Hic [now] Sunt Dracones

dracones

Illustrated maiden and dragon myths were popular in the 19th century as a way to allow gentlemen to look at pictures of naked and bound women, while maintain the illusion that this was not pathological, as such activities were generally thought of those days. This so-called male gaze has been trivialized since then not in the least by the rise of a female gaze that now claims it’s turn “on top,” perhaps even in a non-gendered, more business-like way. Recent retellings of these stories are usually revisionist in that in them maidens rescue heroes and join forces with dragons to defeat a common foe.

The maiden in the myth of old is usually no more than an object to be possessed and the dragon another object preventing that. These days both maiden and dragon are being for themselves, they have intentions as much as the hero does. And if their gazes meet his, he becomes aware that they have intentions, which makes it difficult for him to engage them as objects.

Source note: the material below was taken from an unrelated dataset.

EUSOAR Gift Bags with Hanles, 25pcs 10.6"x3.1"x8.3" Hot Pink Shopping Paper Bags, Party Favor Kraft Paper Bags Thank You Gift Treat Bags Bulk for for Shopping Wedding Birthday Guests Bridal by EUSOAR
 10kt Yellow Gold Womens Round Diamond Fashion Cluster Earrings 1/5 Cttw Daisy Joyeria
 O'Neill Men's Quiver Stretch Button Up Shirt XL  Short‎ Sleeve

Difficult but not impossible; one can objectify a subject by invoking an existing social difference like a boss does to an employee, or a new physical one like voyeur does with a photograph. But a hero is neither boss nor voyeur.

And these days the maiden and the dragon don’t need a hero anymore, and a hero’s no hero without them. Dragon and maiden, as shown here, now gaze at each other; they plot merged operations. They say “In these difficult…times,” “regrettably” layoffs were necessary to “move forward.” The position “hero” was eliminated.